─── INFORMATION SUPPLIED ───
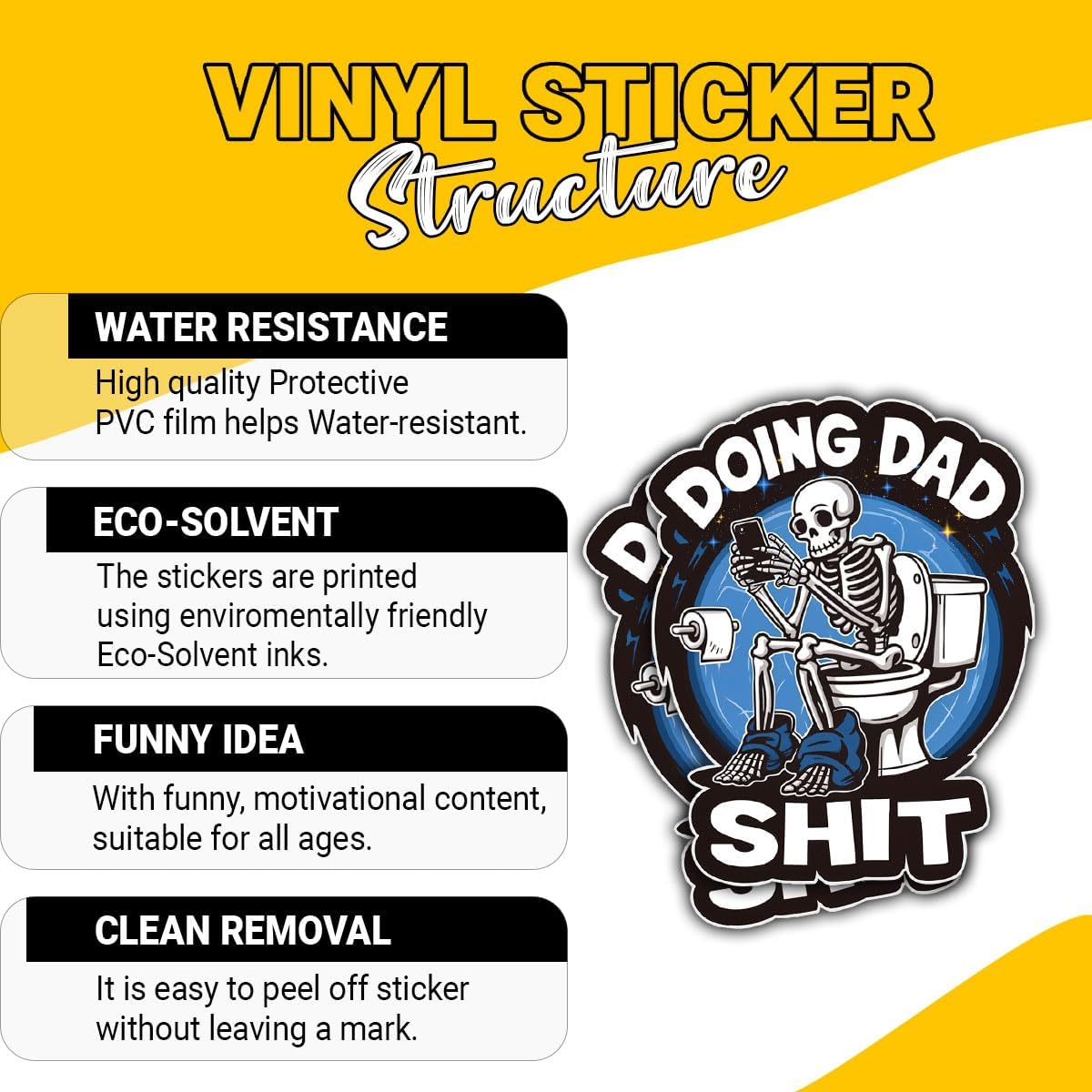 3 Pcs Doing Dad Shit Sticker, Funny Sarcastic Vinyl Die-Cut Waterproof Sticker for Laptop Water Bottle Phone Case Tumbler Kindle Hard Hat Quote Decal Gifts 3"x3"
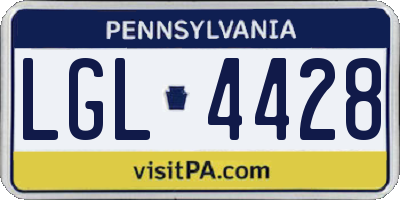 PA license plate LGL4428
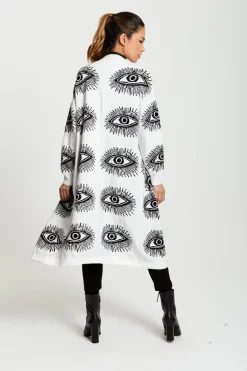 Eye Pattern Longline Cardigan In White by Liquorish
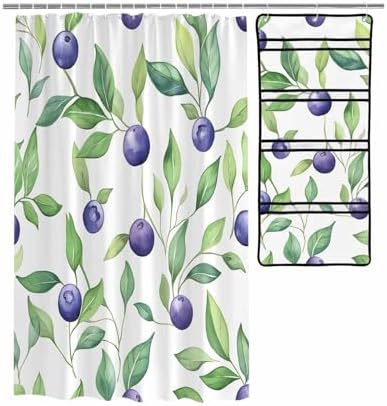 Watercolor Blueberry Leaf Shower Curtain Organizer Set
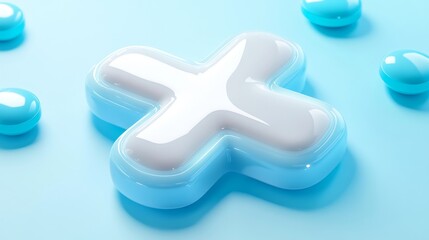Featuring a design with soft curves and a fluid shape in the center, a glossy, 3D plus sign stands out on a light blue background. The blue and white palette gives it a sleek and modern appearance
───
● PROBLEM DETAILS
The task calls for duplicating the data exactly, with no images kept.

● ANSWER AREA
 3 Pcs Doing Dad Shit Sticker, Funny Sarcastic Vinyl Die-Cut Waterproof Sticker for Laptop Water Bottle Phone Case Tumbler Kindle Hard Hat Quote Decal Gifts 3"x3"
 PA license plate LGL4428
 Eye Pattern Longline Cardigan In White by Liquorish
 Watercolor Blueberry Leaf Shower Curtain Organizer Set
Featuring a design with soft curves and a fluid shape in the center, a glossy, 3D plus sign stands out on a light blue background. The blue and white palette gives it a sleek and modern appearance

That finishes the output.